Here are a few of key metrics investors will be watching in the announcement.

Image source: Getty Images.
Playing catch up
The company achieved record sales and earnings last quarter, but investors chose to focus on the less encouraging news of weakening operating trends. Over the last six months, sales are up just 6%, and earnings have expanded by 14%. Those figures trail Starbucks' target of 10% annual sales growth and 15% profit improvement.
Management is predicting a strong rebound for the second half of the fiscal year that will ultimately pull results back up to their goal. There are good reasons to expect at least a small bump this week, given that comparable-store sales jumped to a 4% rate in March from 3%, according to management. "We're seeing further acceleration into April," Chief Financial Officer Scott Maw said in a press release at the time.
Keep an eye on customer traffic, which slipped into negative territory recently and has been trending lower for years. Sure, Starbucks can move the growth needle by boosting average spending, but it can't expand for long without a healthy uptick in the volume of transactions its stores process.
Annual traffic gains. 2017 is for the past six months. Chart by author.
Staying profitable
Starbucks' 17.7% operating margin was a second-quarter record for the company and marked a solid improvement over the prior year's 17.3%. Looking behind that headline figure, investors saw a mix of good and bad news back in April. On the positive side, Starbucks' China geography posted a huge earnings spike as operating margin jumped to 22.9% from 19.1% a year ago. At the same time, its channel development segment, which includes sales of packaged coffee drinks to retailers, generated a healthy 42% margin for the quarter.
SBUX Operating Margin (TTM) data by YCharts.
Dragging down those positive results was shrinking profitability in the core U.S. market that Starbucks pinned on increased labor costs, especially wages. This quarter will likely include a similar mix of opposing trends, with overall profitability ideally rising to another quarterly record.
Expansion plans
If CEO Kevin Johnson and his team do end up pulling back their 2017 outlook this week, they'll likely blame a weak retailing environment for the downgrade. That's not what management has been signaling, though. In fact, Johnson predicted in late April that fiscal 2017 will be "the year of two halves" and that the company would deliver on its growth targets "despite the soft start" to the year.

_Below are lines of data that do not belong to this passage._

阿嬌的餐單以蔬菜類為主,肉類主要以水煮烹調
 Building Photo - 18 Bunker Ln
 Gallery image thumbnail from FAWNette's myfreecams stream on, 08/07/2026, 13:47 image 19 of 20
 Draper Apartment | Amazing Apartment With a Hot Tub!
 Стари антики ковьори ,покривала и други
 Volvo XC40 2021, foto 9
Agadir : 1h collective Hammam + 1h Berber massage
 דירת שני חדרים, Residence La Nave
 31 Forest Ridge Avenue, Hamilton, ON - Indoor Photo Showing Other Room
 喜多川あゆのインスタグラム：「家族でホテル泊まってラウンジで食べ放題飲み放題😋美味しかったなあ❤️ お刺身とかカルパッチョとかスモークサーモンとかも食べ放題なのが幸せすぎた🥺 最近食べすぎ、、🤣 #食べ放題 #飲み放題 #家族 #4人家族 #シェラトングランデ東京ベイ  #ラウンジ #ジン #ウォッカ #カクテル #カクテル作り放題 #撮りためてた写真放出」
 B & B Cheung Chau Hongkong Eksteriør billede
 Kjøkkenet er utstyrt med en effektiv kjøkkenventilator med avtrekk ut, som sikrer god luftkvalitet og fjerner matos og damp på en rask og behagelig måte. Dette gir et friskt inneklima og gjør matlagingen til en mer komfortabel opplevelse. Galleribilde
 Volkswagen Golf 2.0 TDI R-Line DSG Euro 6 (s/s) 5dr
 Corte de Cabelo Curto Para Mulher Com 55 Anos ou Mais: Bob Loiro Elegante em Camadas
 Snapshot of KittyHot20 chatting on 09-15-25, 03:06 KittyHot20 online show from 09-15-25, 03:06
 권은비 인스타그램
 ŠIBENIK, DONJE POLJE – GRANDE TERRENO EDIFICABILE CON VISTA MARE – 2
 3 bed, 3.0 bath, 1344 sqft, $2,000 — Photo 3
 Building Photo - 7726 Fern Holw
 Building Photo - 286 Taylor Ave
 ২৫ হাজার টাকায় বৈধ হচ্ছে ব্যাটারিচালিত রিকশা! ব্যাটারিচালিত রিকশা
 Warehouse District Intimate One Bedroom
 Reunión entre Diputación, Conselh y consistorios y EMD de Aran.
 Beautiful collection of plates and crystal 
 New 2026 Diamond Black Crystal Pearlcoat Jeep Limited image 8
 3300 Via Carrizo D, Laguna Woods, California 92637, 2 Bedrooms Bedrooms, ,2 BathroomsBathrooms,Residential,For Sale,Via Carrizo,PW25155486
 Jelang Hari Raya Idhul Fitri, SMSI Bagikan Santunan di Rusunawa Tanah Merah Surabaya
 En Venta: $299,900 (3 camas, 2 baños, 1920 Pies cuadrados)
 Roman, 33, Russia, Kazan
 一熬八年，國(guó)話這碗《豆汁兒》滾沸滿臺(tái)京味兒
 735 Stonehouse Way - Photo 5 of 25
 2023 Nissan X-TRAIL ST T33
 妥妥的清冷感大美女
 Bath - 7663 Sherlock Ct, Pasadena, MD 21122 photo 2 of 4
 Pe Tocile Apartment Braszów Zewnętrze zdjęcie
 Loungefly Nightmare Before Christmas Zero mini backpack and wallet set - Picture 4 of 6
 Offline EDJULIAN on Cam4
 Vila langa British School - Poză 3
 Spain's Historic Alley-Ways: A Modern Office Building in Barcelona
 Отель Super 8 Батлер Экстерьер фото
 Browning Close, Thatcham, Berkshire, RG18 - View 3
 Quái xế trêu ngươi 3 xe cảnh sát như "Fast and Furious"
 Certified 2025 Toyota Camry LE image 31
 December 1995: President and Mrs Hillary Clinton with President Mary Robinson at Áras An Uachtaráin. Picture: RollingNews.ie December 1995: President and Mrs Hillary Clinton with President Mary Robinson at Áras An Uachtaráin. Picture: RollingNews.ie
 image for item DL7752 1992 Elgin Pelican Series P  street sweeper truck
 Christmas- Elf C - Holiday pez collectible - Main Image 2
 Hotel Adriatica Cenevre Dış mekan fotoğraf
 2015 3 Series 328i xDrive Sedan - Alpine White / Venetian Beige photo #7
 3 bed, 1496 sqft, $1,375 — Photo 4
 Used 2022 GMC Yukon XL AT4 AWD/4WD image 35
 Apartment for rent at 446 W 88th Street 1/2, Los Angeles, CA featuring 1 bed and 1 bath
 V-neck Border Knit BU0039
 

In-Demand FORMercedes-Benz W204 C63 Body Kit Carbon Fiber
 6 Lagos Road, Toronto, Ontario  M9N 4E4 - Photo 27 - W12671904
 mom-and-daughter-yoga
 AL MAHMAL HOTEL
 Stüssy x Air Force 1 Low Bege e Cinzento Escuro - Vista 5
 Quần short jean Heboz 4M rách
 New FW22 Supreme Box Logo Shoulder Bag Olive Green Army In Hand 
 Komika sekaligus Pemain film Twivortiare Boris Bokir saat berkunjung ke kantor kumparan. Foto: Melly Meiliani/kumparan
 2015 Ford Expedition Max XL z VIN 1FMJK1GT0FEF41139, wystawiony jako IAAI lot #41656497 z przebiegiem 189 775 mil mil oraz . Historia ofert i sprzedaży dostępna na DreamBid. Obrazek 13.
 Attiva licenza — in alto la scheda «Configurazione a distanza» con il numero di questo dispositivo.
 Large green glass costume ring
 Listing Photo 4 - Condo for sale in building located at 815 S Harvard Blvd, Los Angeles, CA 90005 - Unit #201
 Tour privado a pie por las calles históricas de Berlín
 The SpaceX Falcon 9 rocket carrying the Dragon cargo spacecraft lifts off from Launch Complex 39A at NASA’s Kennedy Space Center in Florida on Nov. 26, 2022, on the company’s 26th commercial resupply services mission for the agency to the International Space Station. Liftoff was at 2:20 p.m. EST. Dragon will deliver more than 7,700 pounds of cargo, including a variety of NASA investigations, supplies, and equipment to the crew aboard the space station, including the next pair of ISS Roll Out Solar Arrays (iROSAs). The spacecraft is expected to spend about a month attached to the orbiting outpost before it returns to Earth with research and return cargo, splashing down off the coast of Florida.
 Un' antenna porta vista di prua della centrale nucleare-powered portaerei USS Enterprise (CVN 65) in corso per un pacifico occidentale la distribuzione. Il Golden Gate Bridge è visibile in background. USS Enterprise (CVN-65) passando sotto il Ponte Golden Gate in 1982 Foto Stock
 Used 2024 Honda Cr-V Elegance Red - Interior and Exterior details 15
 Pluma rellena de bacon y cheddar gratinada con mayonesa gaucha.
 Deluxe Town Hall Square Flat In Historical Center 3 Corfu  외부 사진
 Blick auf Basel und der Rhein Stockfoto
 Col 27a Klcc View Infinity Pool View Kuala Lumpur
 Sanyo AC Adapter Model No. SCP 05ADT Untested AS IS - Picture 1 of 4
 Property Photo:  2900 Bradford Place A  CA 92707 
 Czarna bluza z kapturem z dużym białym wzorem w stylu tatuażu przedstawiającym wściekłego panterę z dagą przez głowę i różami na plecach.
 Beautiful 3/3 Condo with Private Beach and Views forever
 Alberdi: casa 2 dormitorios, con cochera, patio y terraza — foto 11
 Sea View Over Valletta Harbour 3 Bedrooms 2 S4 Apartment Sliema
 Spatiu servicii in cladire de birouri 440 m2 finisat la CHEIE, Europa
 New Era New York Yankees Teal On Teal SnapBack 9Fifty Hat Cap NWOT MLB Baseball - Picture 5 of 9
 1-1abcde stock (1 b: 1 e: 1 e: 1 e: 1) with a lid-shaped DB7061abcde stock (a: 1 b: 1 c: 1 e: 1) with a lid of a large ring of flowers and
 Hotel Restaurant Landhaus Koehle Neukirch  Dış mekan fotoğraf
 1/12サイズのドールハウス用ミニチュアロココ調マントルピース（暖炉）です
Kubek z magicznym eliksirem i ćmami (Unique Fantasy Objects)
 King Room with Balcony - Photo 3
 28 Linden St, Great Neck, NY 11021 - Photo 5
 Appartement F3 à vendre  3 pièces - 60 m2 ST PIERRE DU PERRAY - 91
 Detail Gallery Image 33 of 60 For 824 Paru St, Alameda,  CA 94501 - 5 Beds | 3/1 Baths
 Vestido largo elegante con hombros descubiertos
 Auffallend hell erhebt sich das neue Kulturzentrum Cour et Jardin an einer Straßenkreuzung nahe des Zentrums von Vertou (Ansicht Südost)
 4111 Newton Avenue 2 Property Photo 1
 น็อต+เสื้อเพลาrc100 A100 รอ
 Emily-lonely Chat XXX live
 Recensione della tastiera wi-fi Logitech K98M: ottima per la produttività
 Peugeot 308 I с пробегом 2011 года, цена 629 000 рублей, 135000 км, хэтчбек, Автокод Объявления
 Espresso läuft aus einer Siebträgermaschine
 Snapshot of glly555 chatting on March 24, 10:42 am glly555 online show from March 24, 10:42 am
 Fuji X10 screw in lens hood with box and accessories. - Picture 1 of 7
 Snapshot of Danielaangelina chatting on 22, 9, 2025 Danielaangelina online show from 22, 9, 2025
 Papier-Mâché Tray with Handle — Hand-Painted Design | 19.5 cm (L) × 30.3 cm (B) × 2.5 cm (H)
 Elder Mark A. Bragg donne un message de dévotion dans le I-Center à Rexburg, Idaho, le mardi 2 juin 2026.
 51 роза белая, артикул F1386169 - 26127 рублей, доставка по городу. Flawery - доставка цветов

In that scenario, mobile ordering, payment, and delivery will play a big role in any accelerating growth pace. Starbucks also aims to lean on food as a way to increase average spending in its restaurant locations over time. Executives see room to boost comps by as much as 2 percentage points with an expanded lunch menu that's being rolled out nationally. The company had similar success with its breakfast food options that have helped push food up to 19% of sales last year from 18% two years back.
Yet Starbucks is most excited about its long-term opportunities for international expansion. It aims to grow its global store base by 50% over the next four years. A huge portion of those gains will be in a Chinese market that's not only growing fast, but is also home to some of the company's most profitable locations.